You artificially make up the situation by using a query to fill your BINILI alias from itself. Well, that's pointing out you actually don't need this. The safe select situation is doing these steps:
1. Create a grid cursor, Andy Kramek showcases this as creation of such a cursor
Code:
*** Create the working cursor
SELECT * FROM account WHERE 0 = 1 INTO CURSOR curacct READWRITE
2. Whenever other data should be listed, query that into cursor junk, ZAP in curacct and APPEND FROM DBF('junk').
The aim here is to show a list of accounts, and the UI allows users to filter for account in different ways, which could be done with further queries in the same structure, just with other where clauses than 0=1, which is in short meaning .f., so the initial curacct cursor is empty. Every future list has other filter criteria and always stems from the same type of query from all data in account.dbf, but doing this directly again
INTO CURSOR curacct would cause the grid to lose its structure. So you select into a temporary junk cursor, zap the grid cursor and append the new result to scrap it afterwards. But also you depend on a query, as one list miight be all "meyer" accounts and the next all with a certain minimum amount in their depot.

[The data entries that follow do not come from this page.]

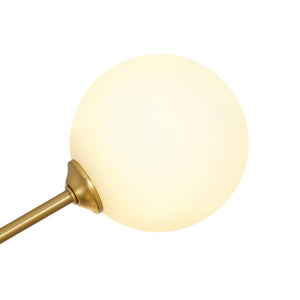 LightFixturesUSA-Brass 8-Light Tiered Opal Glass Globe Sputnik Chandelier-Chandelier-34.3 in-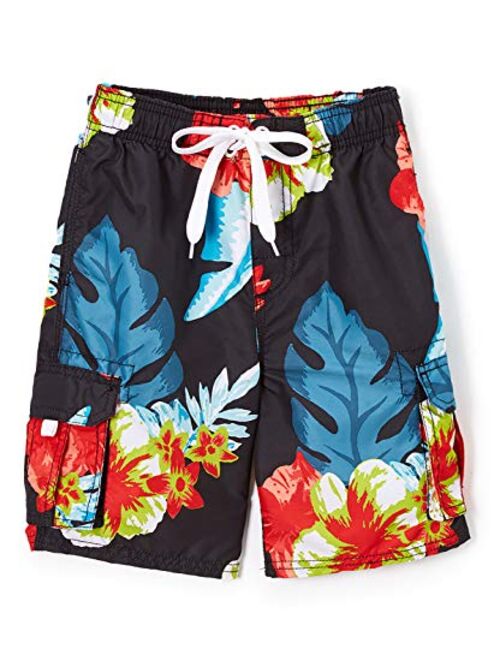 Kanu Surf Boys' Barracuda Quick Dry UPF 50+ Beach Swim Trunk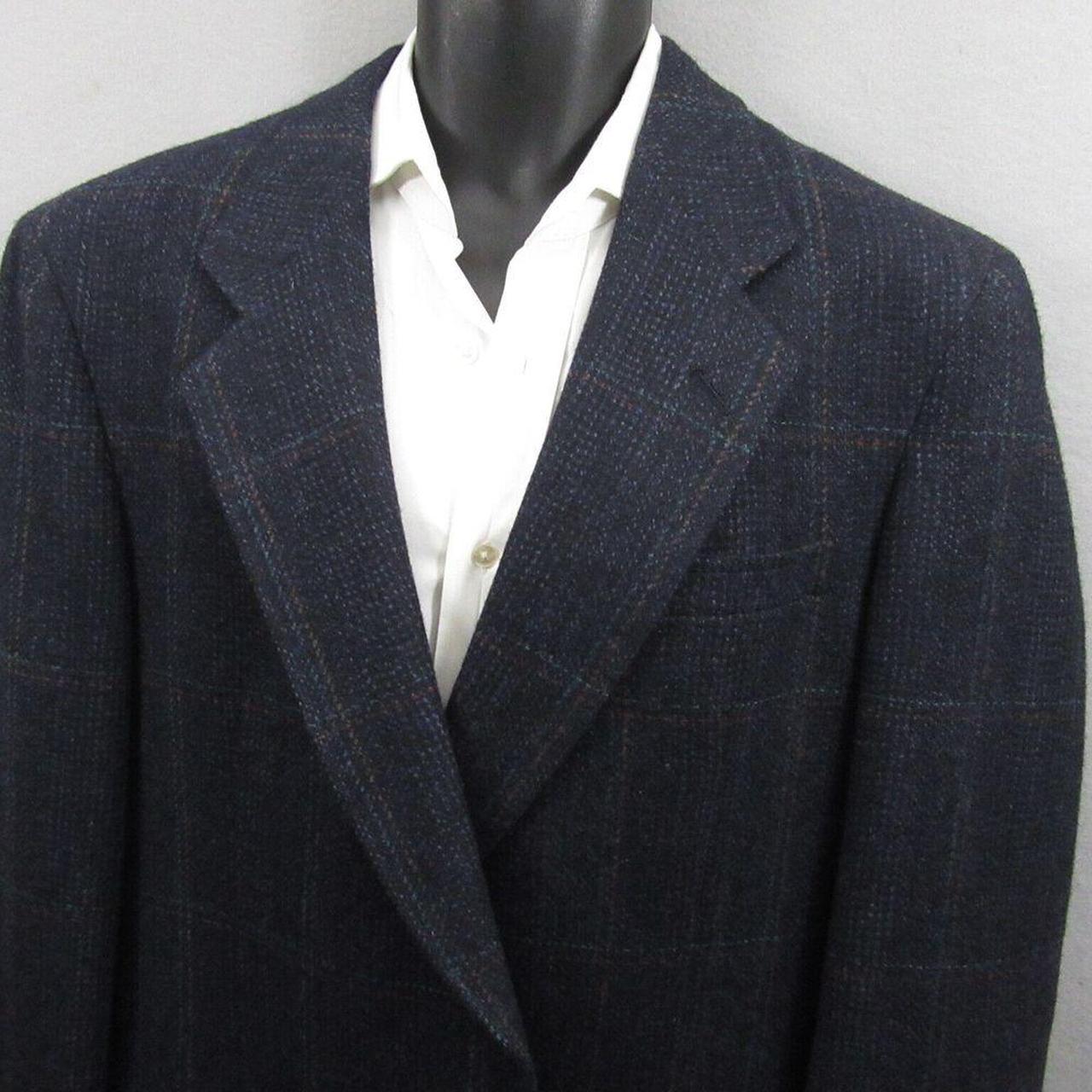 Austin Reed Mens Sport Coat Size 44 L Blue Plaid. Depop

The lists change arbitrarily, the source of data always is account.dbf and the previous list is not needed anymore.
In your situation, you also start with an empty list. But you don't query different lists of products with varying where clauses, do you? You know every barcode scan or every pick of a user in an online shop to put something into the items list will add one single record to the already existing list, or up the qty by one. So in your situation you don't change from say select * from products where barcodde=x to select * from products where barcodde=y, you just add the one record of the barcode to your already existing list. And the easiest way to do this is start with an empty grid cursor you createe by a CREATE CURSOR statement and then insert into it and delete from it as you go, but you never reselect it, you don't even initially select data into it. Heere you don't even need an SQL query like I gave with where barcode=x, you can just SEEK x to go to the product with a certain barcode and then insert into curitems from fields of the product table.
This situation doesn't require safe select, it's over the top for this and it's nonsensical as you use the grid cursor as the source of the data for the grid cursor, you already have the grid cursor and all its data, you just need to either change qty, if it drops to 0 delete the record and if a record with the scanned barcode doesn't exist yet (the regular case, indeed) insert it. You always only have operations on one record, you don't ever pick a completely different list of source data. That's where you are safe by never needing to recreate the grid cursor, once it is created, it is only modified and stays the same file, the same dbf file or the same tmp file. See the section in Andy Krameks blogpost where he demonstrates the tmp file name of the cursor with the same alias name changes, which is the core reason the grid misbehaves and you need this technique. Where that's not the case you also don't need safe select.